Research has demonstrated time and time again the tremendous benefits of coaching. According to the International Personal Management Association, training accompanied by coaching can improve performance by 88%, rather than just training alone, which improves performance by only 22%. The Metrix Global Survey proved that coaching produced a 529% return on investment and significant intangible benefits to the business. Moreover, the Geoff Hinsley Study showed that an investment in coaching was way below training expenses, and coaching exhibited an enormous payback of 2,000 to 3,000%. In 2002, the Chartered Management Institute conducted a coaching at work survey and found that 93% of managers believe that coaching should be available to all employees, regardless of seniority.
This rich research data supports the business case for coaching and may help us in encouraging senior leaders to implement a coaching culture initiative at their organizations. However, once we get the green light to assist in a coaching culture change effort, how do we, as change agents, demonstrate our own return on investment and bottom line results in coaching? Crane Consulting has created some helpful guidelines in developing a business case for creating a high performance coaching culture.
Phase I: Discovery
One of the first steps in creating a business case for a coaching culture is to benchmark the current culture. In addition to interviews, Crane Consulting's Coaching Culture Assessment is useful in getting a snapshot of the current coaching culture. The results from this assessment and interviews not only provide benchmark quantitative and qualitative data but also are a way to make your case for the need of coaching throughout the organization and acquire the initial leadership understanding, support and ownership for the change process.
Phase II: Alignment
The purpose of this phase is to ensure that the Leadership Team that leads the enterprise is fully onboard with not just language cues (talking the talk), but is fully skilled in leading the way (walking the walk.) Leaders attend a workshop custom-designed for them that focuses on the specific coaching challenges faced by senior leaders, and fully equips them to model the way of a coach. Additionally, this team determines what strategic challenges will serve as the most-critical-to-improve initiatives and projects that will comprise the basis of analysis of the relative success of the culture change process.
In this early phase, it is also important to invest in internal facilitation resources that will deliver the workshops in partnership with business leaders during the next phase. We look for people who are already passionate about coaching.
Phase III: Rollout
Phase Three is characterized by the conscious application/extension of the coaching development process to the organization at large. We champion the idea of internal change agents partnering with Business Line leadership and introducing the coaching workshop in the ways it makes the most sense.

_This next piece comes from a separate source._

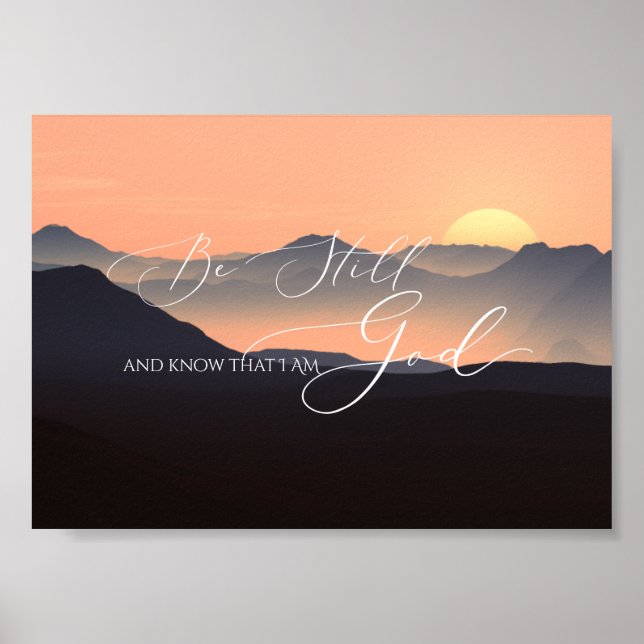 Póster Salmo 46 10, Be Still Sunset Misty Mountain (Frente)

These can be characterized as "leader led" sessions in which the leader is there to interact with his/her team and sharing their personal experience of coaching and passion for making it a way of life in the business. These personal messages make the case much more powerfully that a lone facilitator.
Importantly, the HR practices and systems (hiring, orientation, training, promotion, and communications) that affect people need to be assessed and updated to include coaching becoming a central competency for all.
The Internal Facilitators deserve time and attention during this phase as the workshops roll forward, including making sure they continue to sustain themselves emotionally, learning from one another, and leveraging their collective wisdom as it expands during the change process.
Phase IV: Implementation
Implementation starts for any group, class, or team when their formal workshop process ends. We have developed a series of many focused implementation activities that support the immediate application of coaching to day-to-day activities. For instance, each participant that supervises others is expected to adopt a "coaching for success" protocol that ensures they meet face-to-face with each direct report and conduct a prepared to coaching conversation. The agenda is fixed, yet rotates around these specific topics: performance, development, relationships, their coaching experiences as they coach their team, and the coaching relationship between the Direct Manager and Direct Report.
Regular and systematic collection of data from these various structures fully informs the leaders, teams, and the organization the ROI (result, outcome or impact) of the coaching interventions that have been occurring. We assess both quantitative and qualitative data, and compile information collected in various ways into a deeply meaningful feedback report for the Leadership Team who sponsored the Coaching Culture initiative.
And, obviously, we support the organization finding new and important ways to publicize the ongoing successes of individuals and teams as they continue this journey.